We are always looking to expand our talented team. The collective group is unequivocally the biggest contributing factor to our success thus far. By the same token, not having the right team in place is the primary thing that can stand in our way in the future. The search for talent never stops. This process requires scouting and hiring for core positions at least two, sometimes three months in advance of their required fill dates, because an employee often requires nearly 90 days just to acclimate to the culture and undergo specific training for the tools required for success in any particular role. The team is always analyzing and evolving itself within the Agile framework I have discussed previously.

Jerrick's Agile Framework

Hiring

One of the roles we are constantly looking to fill is for a business analyst (BA). We tend to fill this role with people who are ‘green’—who have had minimal exposure to other corporate cultures—and start them at an associate level. The business analysts that succeed at Jerrick are ones that have a knack for learning new technology platforms and can think abstractly when applying them. We look at the interests, passions, and books that a given candidate is reading just as much as we do their GPA and field of study. Learning to continuously improve in the role and how to take risk are part of what tends to be a 9-12 month growth period following the initial 90 day training period. In fact, we tell employees on their first day that management does not expect them to contribute any material value for at least three months, and instruct them to focus their efforts during this time on getting strong and educated. At that point the best analysts are often given their first opportunity at a digital portfolio (i.e. a responsibility or business line that can produce revenues) and, more importantly, to take on risk for the company. As I have mentioned on a number of occasions, our company is a hybrid of a Wall Street trading floor and a technology development firm. The uniquely designed framework can rapidly advance individuals with identifiable talent. This can, of course, be a double edged sword; patience is an important key to advancement in our corporate culture. The BA role is a great opportunity to learn how a company runs from the ground up and to grow to become part of the revenue production of the company.

In addition to the BA search, we are currently looking for a copy editor. In particular, we are looking for someone who is skilled at connecting with creators, someone with a detail-oriented mindset and one who is consistently up to date on the creative community and its dynamic culture. Vocal is still a relatively new platform and the ongoing process of moderation, communication and customer support requires that our moderators have a technical editor skill set as well as an ability to process and help design protocol. With an expanding number of Vocal communities and a variety of products and services for creators, a copy editor can find a multitude of verticals to potentially specialize in or move more horizontally across product features like challenges and branded content.

Tapping into candidates for either opportunity by posting on LinkedIn or Indeed is a constant part of the recruitment process. But unfortunately, we’ve found that over time these sites have become somewhat congested and less reliable in identifying qualified individuals. Personally I think Microsoft is missing a big opportunity with LinkedIn, but for now finding the right people is about reaching directly into the network as I do weekly for support and insight. The best way to suggest individuals to us would be to send an email to [email protected] or have them apply via the form fields below.

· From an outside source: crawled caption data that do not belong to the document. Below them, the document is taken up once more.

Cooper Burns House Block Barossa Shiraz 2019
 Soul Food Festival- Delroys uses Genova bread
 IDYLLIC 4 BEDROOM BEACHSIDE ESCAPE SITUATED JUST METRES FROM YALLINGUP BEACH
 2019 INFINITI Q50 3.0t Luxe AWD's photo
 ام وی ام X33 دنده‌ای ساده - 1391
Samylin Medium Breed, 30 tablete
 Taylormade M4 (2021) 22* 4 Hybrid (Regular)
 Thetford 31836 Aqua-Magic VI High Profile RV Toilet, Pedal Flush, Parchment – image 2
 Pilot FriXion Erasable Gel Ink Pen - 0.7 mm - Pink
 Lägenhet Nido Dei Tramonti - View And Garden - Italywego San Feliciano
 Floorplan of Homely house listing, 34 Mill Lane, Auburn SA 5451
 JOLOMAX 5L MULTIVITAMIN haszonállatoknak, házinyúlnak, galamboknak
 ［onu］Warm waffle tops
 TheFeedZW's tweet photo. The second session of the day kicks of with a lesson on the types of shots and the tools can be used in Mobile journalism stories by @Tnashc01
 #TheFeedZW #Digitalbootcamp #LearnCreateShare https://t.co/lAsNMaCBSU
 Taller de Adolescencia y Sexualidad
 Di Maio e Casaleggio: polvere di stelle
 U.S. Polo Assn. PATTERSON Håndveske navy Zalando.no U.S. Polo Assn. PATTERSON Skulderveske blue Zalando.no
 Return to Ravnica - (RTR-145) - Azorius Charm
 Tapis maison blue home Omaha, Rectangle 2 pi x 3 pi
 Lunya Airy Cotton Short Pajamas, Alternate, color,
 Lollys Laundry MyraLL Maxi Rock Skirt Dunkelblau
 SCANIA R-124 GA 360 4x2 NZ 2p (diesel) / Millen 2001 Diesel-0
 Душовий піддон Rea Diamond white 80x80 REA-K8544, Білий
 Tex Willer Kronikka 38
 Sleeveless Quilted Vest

Business Operations Associate:

Copy Editor:

Outsourcing

Any conversation on filling new seats in 2020 must first start with a basic question: Hire in-house or outsource? We face a similar decision in design and development. Much thought is put into every decision regarding building particular components in-house or utilizing an external service provider. Early on in our company’s evolution we made a crucial decision to structure the framework of our company to adapt quickly to the technology platform space and the general movement toward collective behavior. We have formed a series of excellent relationships with external segment specialists while at all times being sure to understand when to move in-house, and what the process would entail to do so. Scaling is about understanding the data. We often work with multiple segment specialists in the same space to hedge business risk. Most importantly, our business analysts stay on top of any important new companies offering more efficient and next generation tools.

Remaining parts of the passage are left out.